╭─ Supplied material
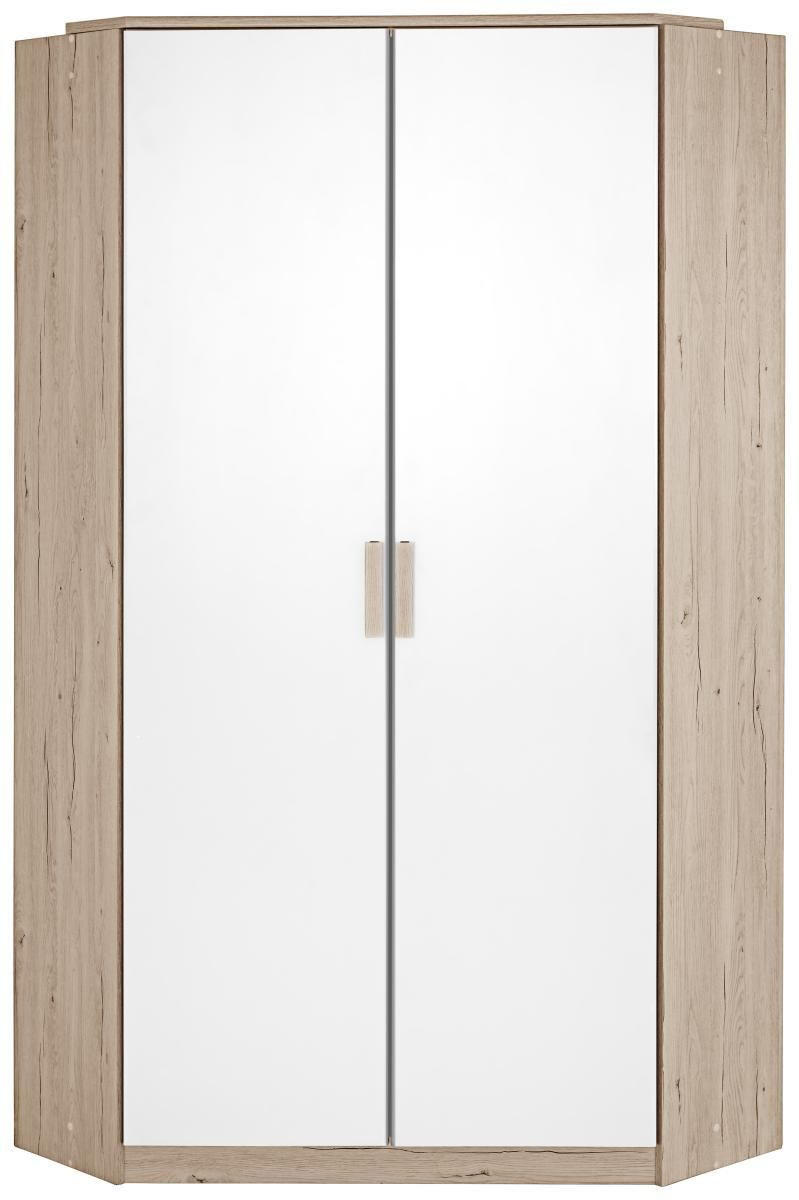 ROHOVÁ ŠATNÍKOVÁ SKRIŇA, biela, farba duba, 95/198 cm - biela/farba duba, Design, kompozitné drevo/plast (95/198cm) - MID.YOU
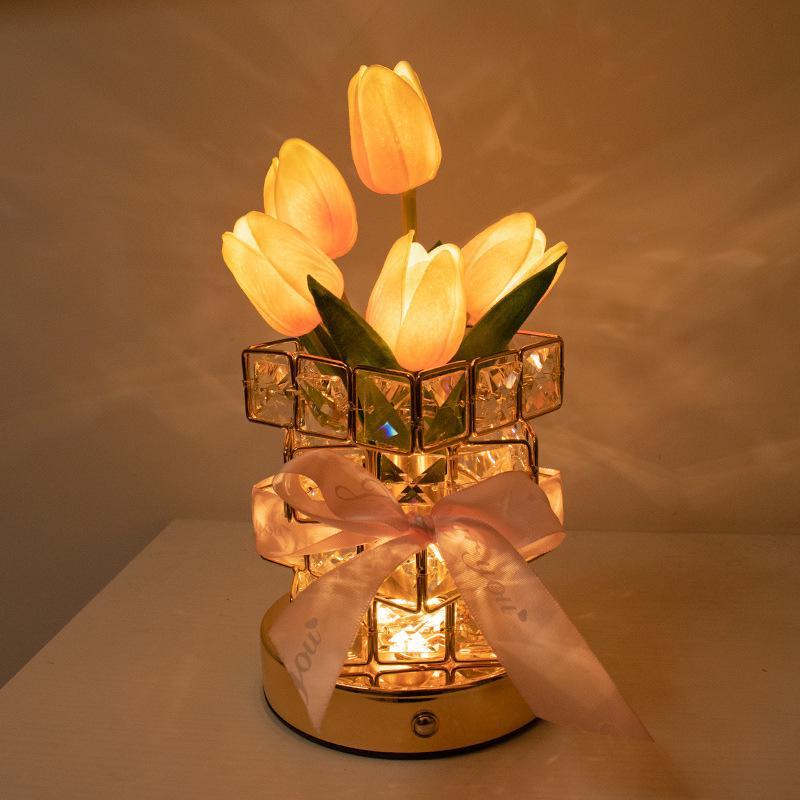 Kreatives Geschenk Tulip Rubik's Cube Nachtlicht Schlafzimmer Schlaftischlampe Nachttischlampe Luxus High-end Kristall Atmosphäre Licht - MeineFotoTassen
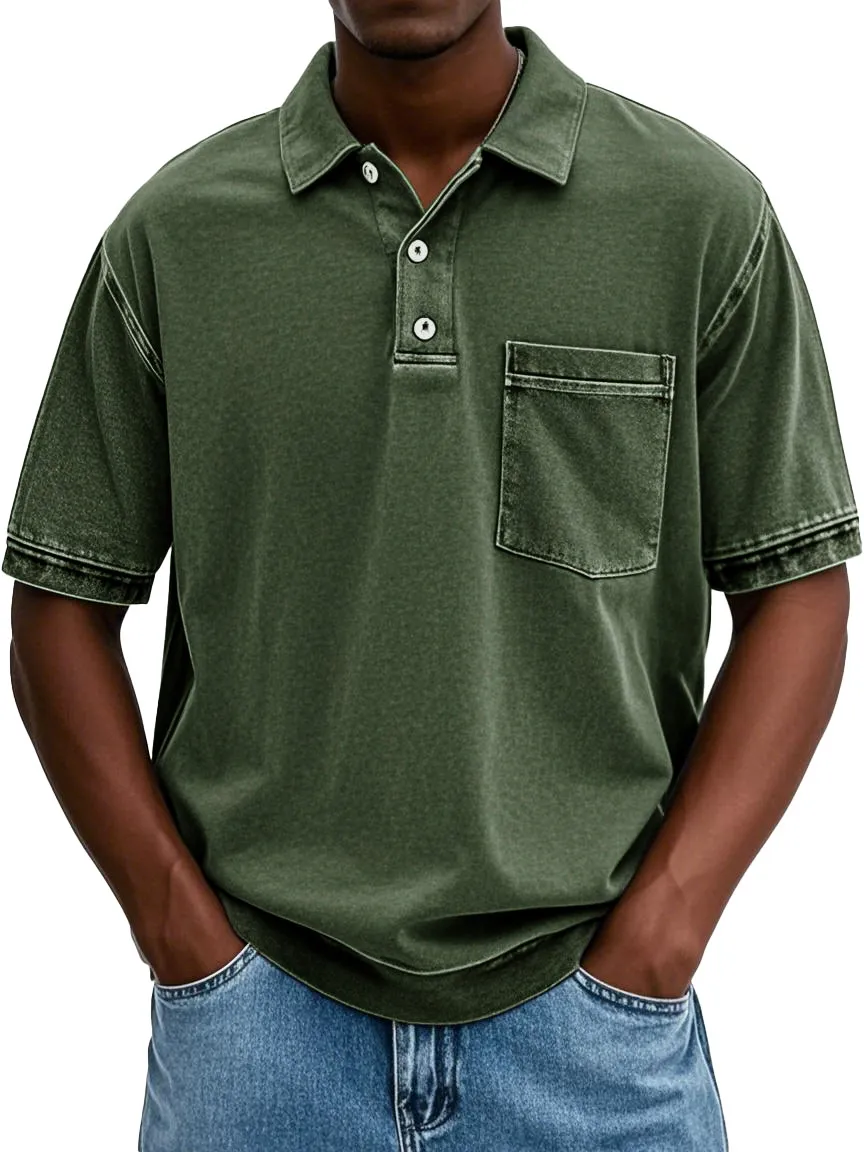 FINAL SALE⚡10 Packs for $34.99⚡ - Men's Retro Distressed Lapel Short-sleeved Pocket Polo Shirt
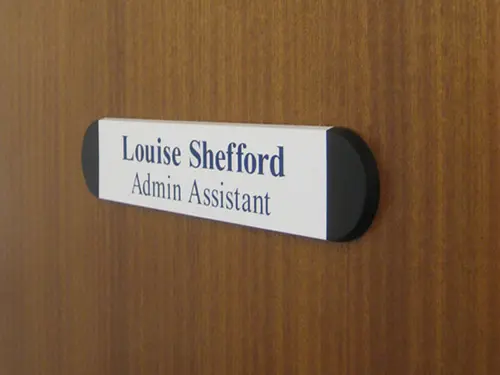 Name plate on office door
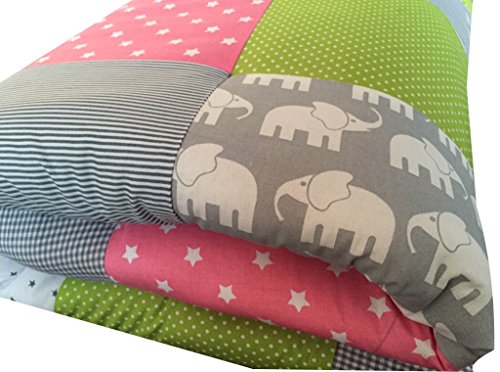 Premium Baby Patchworkdecke / Krabbeldecke / Spieldecke Elefant Mädchen (120 x 120 cm)1
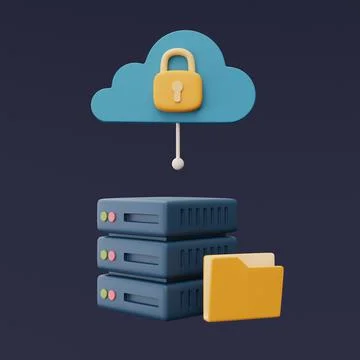 Cloud storage technology concept with Server racks and blue cloud symbol,onli Stock Illustration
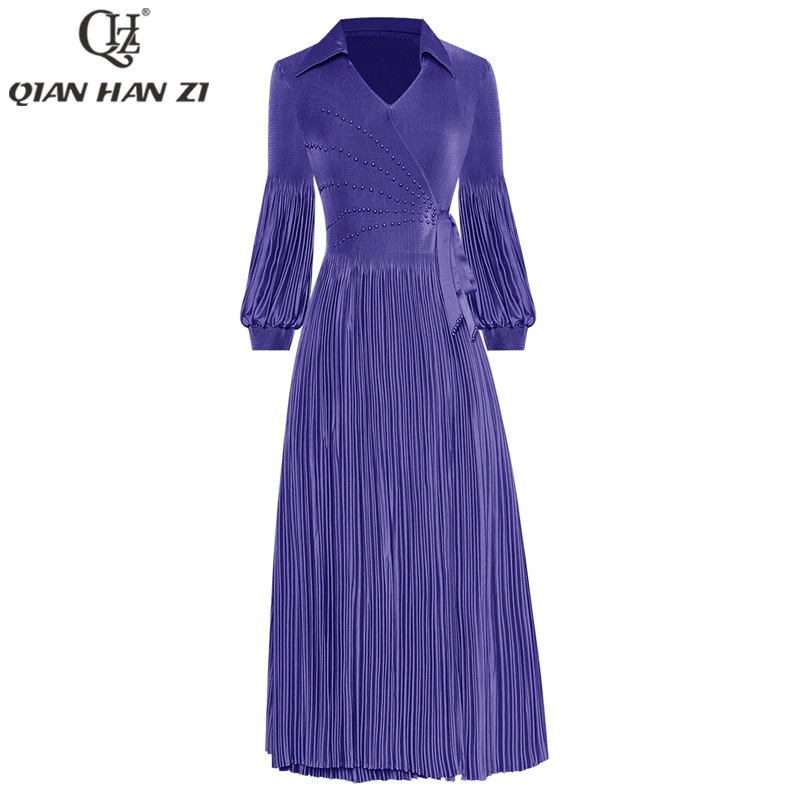 Дизайнерское модное осеннее платье Qian Han Zi с рукавами-фонариками и бусинами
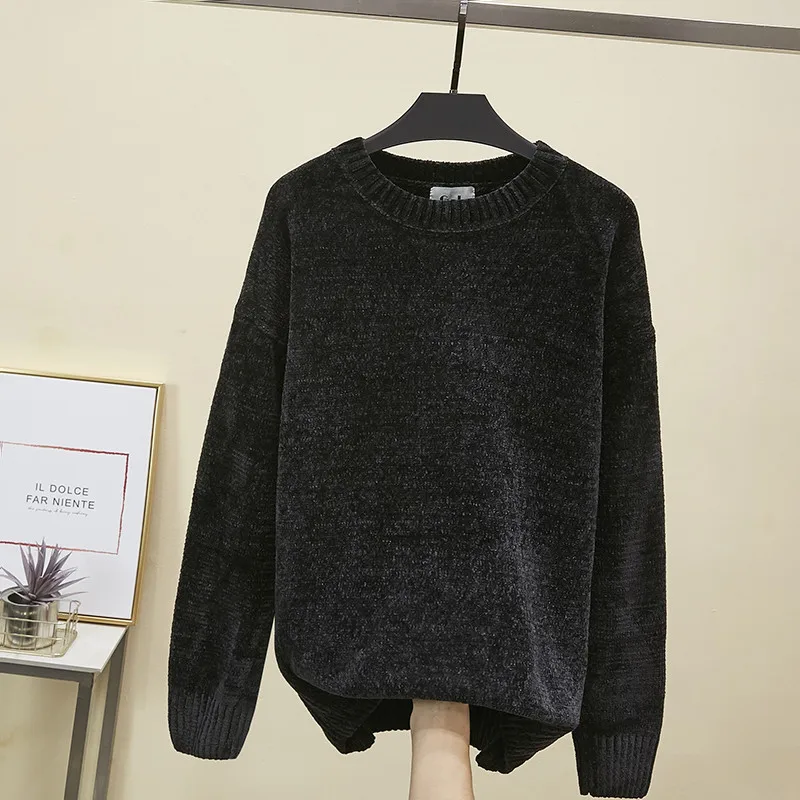 Новый теплый свитер из синели с круглым вырезом женские золотые бархатные теплые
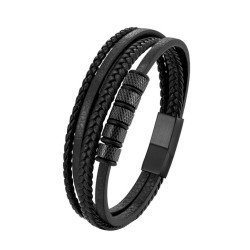 Bracelet moderne pour homme avec 4 rangs en cuir de bovin noir tressé et lisse ornés de rouleaux en acier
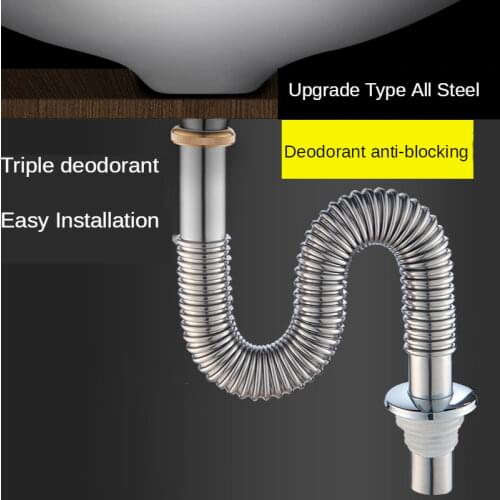 Kitchen Stainless Steel Sink Drain Filter Single Sink Drain Pipe Deodorant Sewer Accessories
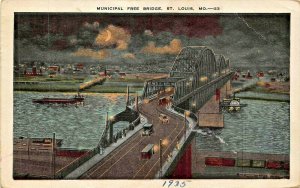 ST LOUIS MISSOURI~MUNICIPAL FREE BRIDGE-NIGHT MOONLIGHT VIEW~1935 POSTCARD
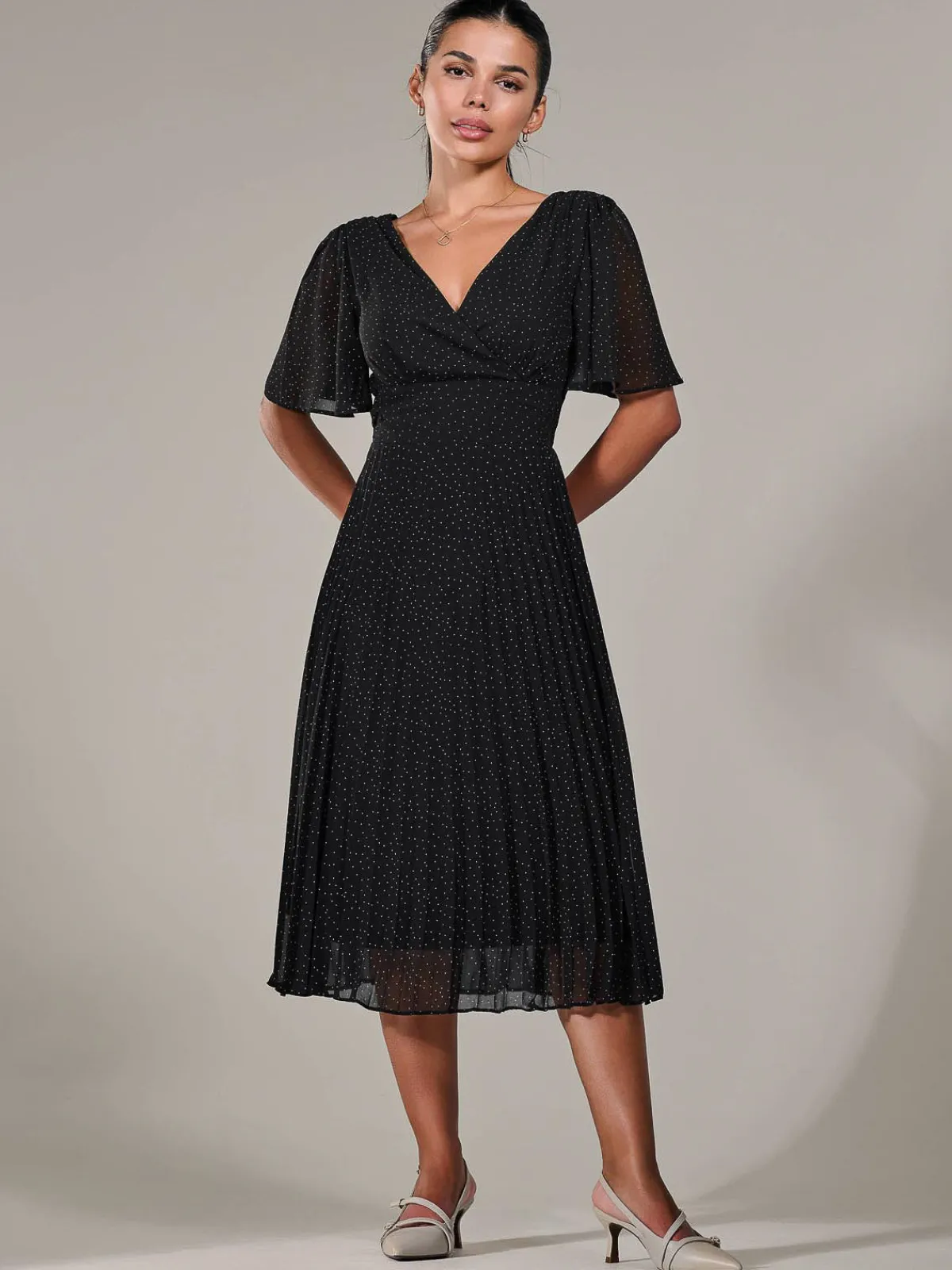 Jolie Moi Office Wear|Little Black Dresses-Petite Chiffon Pleated Midaxi Dress, Black Polka Dots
╰─
• _What you need to do_
The required result is an exact copy of the lines from the line containing "Kitchen Stainless Steel" through the end of the entries, with every picture left out.

• _The completed task_
 Kitchen Stainless Steel Sink Drain Filter Single Sink Drain Pipe Deodorant Sewer Accessories
 ST LOUIS MISSOURI~MUNICIPAL FREE BRIDGE-NIGHT MOONLIGHT VIEW~1935 POSTCARD
 Jolie Moi Office Wear|Little Black Dresses-Petite Chiffon Pleated Midaxi Dress, Black Polka Dots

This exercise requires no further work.